On ne reproche pas à un plombier de ne pas peindre. Alors cessons de demander à l'école de faire le travail des
services sociaux, de la police-justice, ou de la psychiatrie ! D'autant qu'on ne lui donne officiellement,
à cette pauvre école, que la permission de tout excuser.
Ainsi, à tout vouloir — et le beurre et l'argent du beurre — on finit par tout perdre. Winston Churchill avait
dit : Ils ont accepté le déshonneur pour avoir la paix, ils auront le déshonneur et la guerre. Tous ceux qui
continuent aujourd'hui à dire : il est possible d'éduquer sans jamais sanctionner, pour avoir ce monde
imaginaire qu'ils ont dans la tête, non seulement ne le verront jamais en vrai, mais auront en plus pénalisé tous
les élèves qui auraient bien voulu travailler et en auront été empêchés pendant des années, ainsi que tous les
fauteurs de trouble qui n'auront jamais pris au sérieux leurs paroles angéliques, se laissant happer par la
vertigineuse
absence de limite à l'école.
Ce terrible manque de lucidité, à vrai dire, c'est une vision de l'homme totalement détaché du monde du vivant : quand les
lions partent à la chasse, est-ce qu'ils choisissent d'attaquer le gnou le plus fort ? Non, ils choisissent toujours le
gnou le moins fort. C'est dans la nature vivante. C'est aussi, si ce n'est dans la nature humaine évoluée, au moins dans
la nature humaine en formation : en l'absence de sanction, l'enfant est naturellement porté à s'en prendre
à un enfant plus faible que lui, ne serait-ce que par jeu. On le déplorera autant qu'on voudra, mais force est de
constater que dans toutes les espèces vivantes — et jusqu'à preuve du contraire, l'Homme en est une... —
toute organisation sociale a besoin, pour sa sérénité, d'un système de sanctions suffisantes et clairement identifiées.
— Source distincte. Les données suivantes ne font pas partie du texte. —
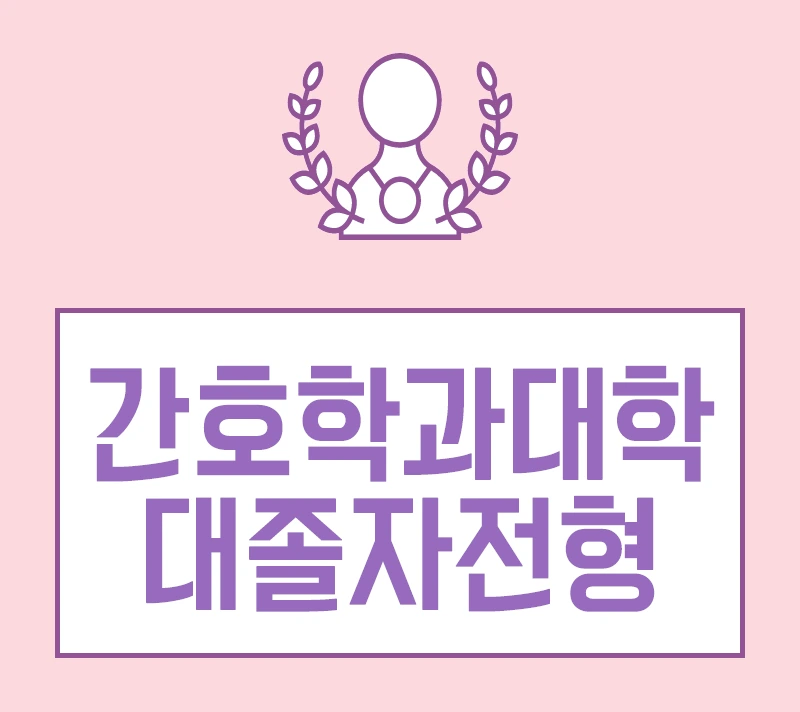 %EA%B0%84%EB%8C%80%EC%A1%B81.png?type=w800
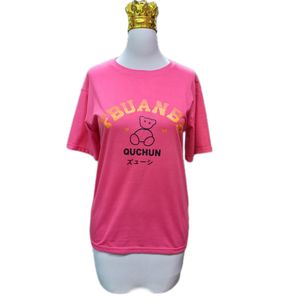 تیشرت سوپر پنبه کد 816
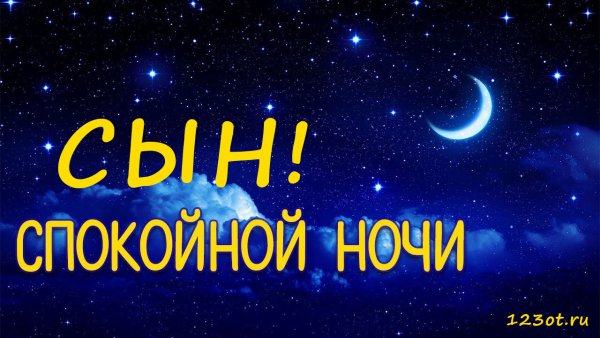 Спокойной Февральской ночи и сладких снов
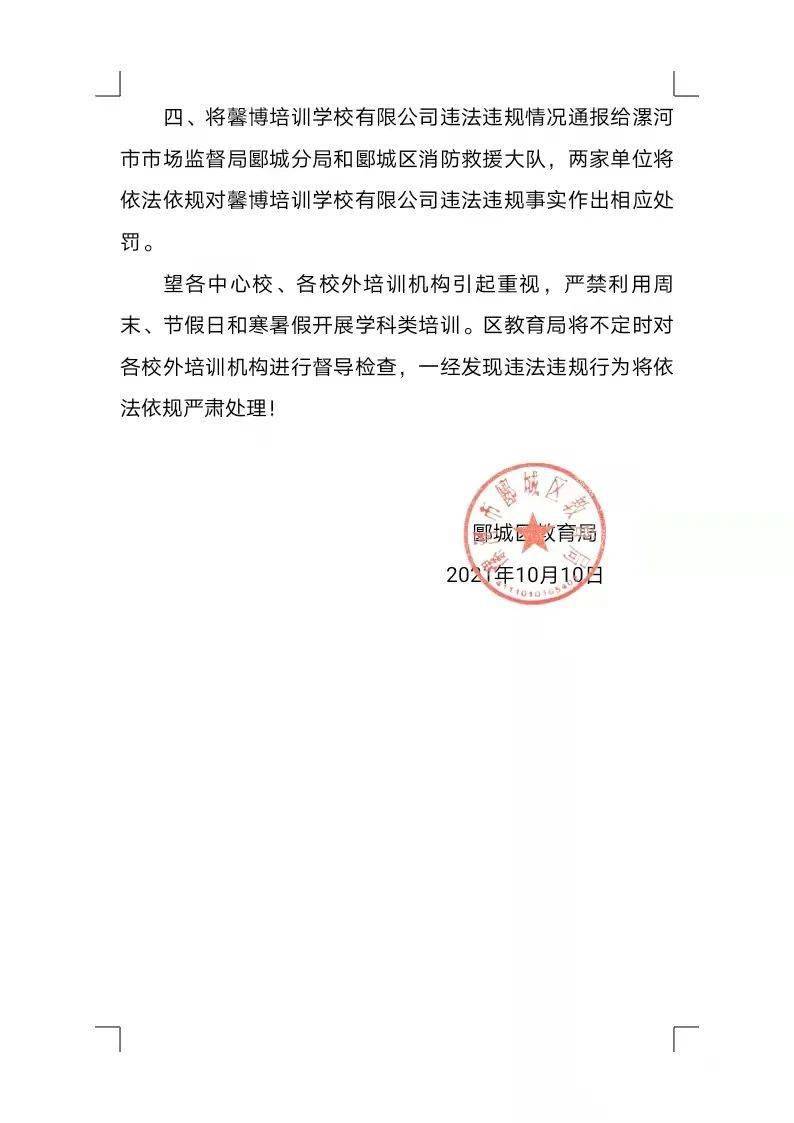 源城区教育局人事任命重塑教育格局，引领未来教育腾飞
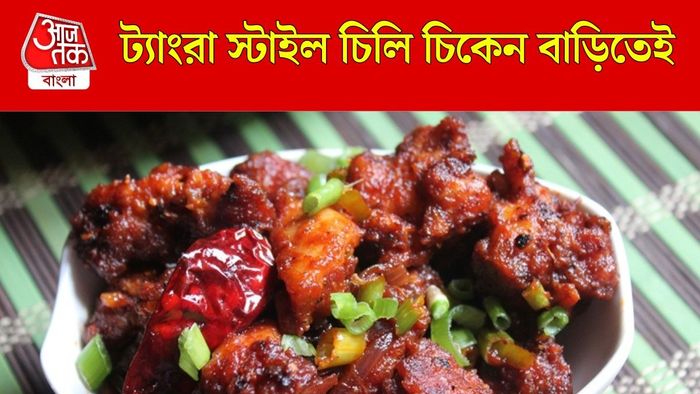 চিলি চিকেন রেসিপি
Refuser la sanction, c'est la faire subir de façon bien plus brutale et injuste que si elle était préalablement admise.
Réfléchissons encore à notre propre fonctionnement corporel : notre sang n'est-il pas contraint de
circuler dans nos vaisseaux sanguins ? Si notre corps se laissait aller à l'instar du laisser-faire institutionnel «
dévolu » à nos écoles primaires et nos établissements scolaires, nous ne tiendrions pas longtemps... Et si certains
ne s'en rendent toujours pas compte, c'est parce que l'échelle du temps est plus longue pour un système scolaire que pour
un corps humain ; mais le
rétablissement n'en sera que plus long.